What I've never seen is an explanation of what sorts of programming language syntactic features might require moving to a different language class. There's an obvious practical motivation for GLR parsers, namely, avoiding an unholy commingling of parser and symbol table when parsing C++. But what about the differences between the two "standard" classes, LL and LR?
Two questions:
- What (general) syntactic constructions can be parsed with LR(k) but not LL(k')?
- In what ways, if any, do those constructions manifest as desirable language constructs?
There's a plausible argument for reducing language power by making k as small as possible, because a language requiring many, many tokens of lookahead will be harder for humans to parse, as well as "harder" for machines to parse. Question (2) implicitly asks if the same reasoning ends up holding between classes, as well as within a class.

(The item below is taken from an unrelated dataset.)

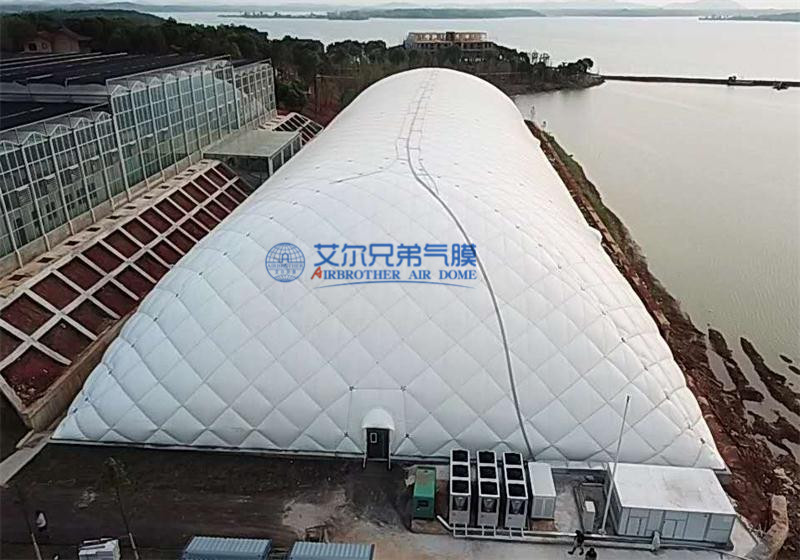 氣膜建筑的綠色發展不是簡單、表象的，而是全方位的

edit: Here's one example to illustrate the sorts of answers I'm looking for, but for regular languages instead of context-free:
When describing a regular language, one usually gets three operators: +
, *
, and ?
. Now, you can remove +
without reducing the power of the language; instead of writing x+
, you write xx*
, and the effect is the same. But if x
is some big and hairy expression, the two x
s are likely to diverge over time due to human forgetfulness, yielding a syntactically correct regular expression that doesn't match the original author's intent. Thus, even though adding +
doesn't strictly add power, it does make the notation less error-prone.
Are there constructs with similar practical (human?) effects that must be "removed" when switching from LR to LL?